Dorothy seated herself daintily on the edge of the balding plush davenport. McIntire chose a spot on its companion overstuffed chair and soon discovered that his hostess' tenuous parking job was probably not occasioned by either nerves or formality. His bottom contacted the seat and continued firmly in the grip of gravity until he found himself several inches off the floor regarding Dorothy between his knees. Mustering what little professional dignity he could, while wondering if removing his glasses would reduce his resemblance to a praying mantis, he asked her to tell him what had happened.

David had gone off to work Sunday morning, she told him, and she hadn't seen hide nor hair of him since. “I didn't think nothing of it when he didn't come home Sunday night. He's stayed out all night plenty of times before. But he didn't show up last night neither.” She looked apologetic. “I'm probably just putting you through a lot of trouble for nothing.”

“Did he take anything with him?” McIntire asked. “Pack a bag or anything?”

Dorothy shrugged. “Most everything he's got is in his car anyway. He keeps a little money in a drawer, and that's gone, but that don't really mean anything. He would of taken it if he was planning on going out on Sunday night.”

“Does David have his own car?”

“Cliff bought it the year before he died. I suppose I could of sold it, but I thought I might learn how to drive it myself. Then Al, that's my older son, taught Davy—just on these country roads, he wasn't old enough to get a license then. Al thought one of us should drive, in case of an emergency, you know. It's been handy, having Davy able to take me in to town when I need to go.”

“Have you called any of his friends, people he might have been with?”

Dorothy twisted the wedding band, which she wore on her right hand. A dark red line was visible where it cut into her plump flesh. “I don't have a telephone. I called your house from the Lindstroms'. To tell the truth,” she went on, not looking up, “I'm not really sure who my son's friends are. They never come here to the house. I don't seem to know a thing about Davy no more. Maybe I never did. He was always different from the other two even when he was a baby. He didn't seem to care much about anything…except his dad. He took it real hard when Cliff died.” She wiped her hands on her apron. “He was there when it happened, you know.”

“No,” McIntire said. “I didn't know.”

A fleeting smile crossed Dorothy's face. “Davy was crazy about his father, followed him everywhere from the time he learned to walk.
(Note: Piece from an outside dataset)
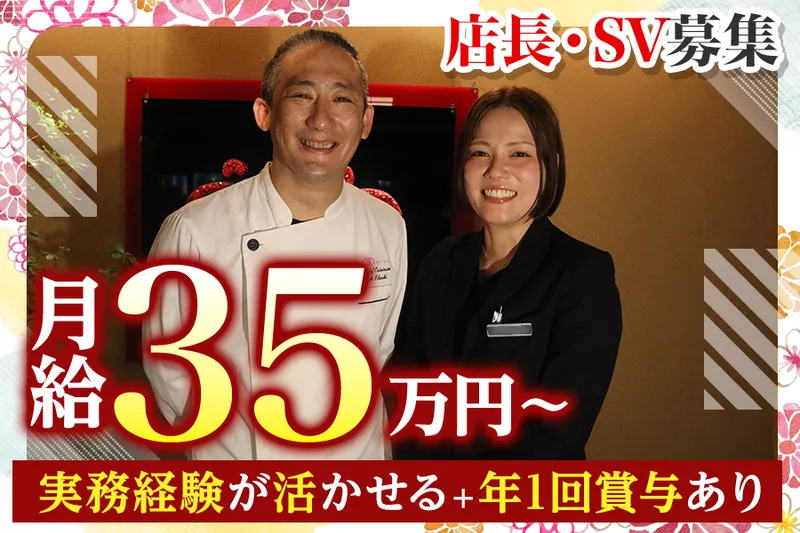 株式会社フードワークスの求人・転職情報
He should of been in school that day, but Cliff took him along to the woods for a special treat. It was Davy's birthday, you see. He was nine years old. After it happened—after the tree fell on Cliff—Davy hitched the horse to it and pulled it off. Cliff still didn't get up, and Davy wouldn't leave him. Of course we didn't look for them until suppertime. It was almost ten before they got found. Davy could of froze to death himself. The doctor said it wouldn't of done any good if Davy
had
gone for help. He said that the tree fell across Cliff's chest, and he was probably already dead by the time Davy got it off, but who knows?” She shrugged again.

“Anyway, after that there ain't nobody been able to tell Davy what to do, 'specially me. He wouldn't go to school unless he was dragged there. We gave up on it when he was fourteen. Sometimes he don't even come out of his room for days at a time. This job with Wylie is the first time he's stuck with anything for more than a couple weeks. That's why I can't believe he'd just take off. And Wylie still owes him money. If he planned on leaving, I think he would of waited until he got paid.”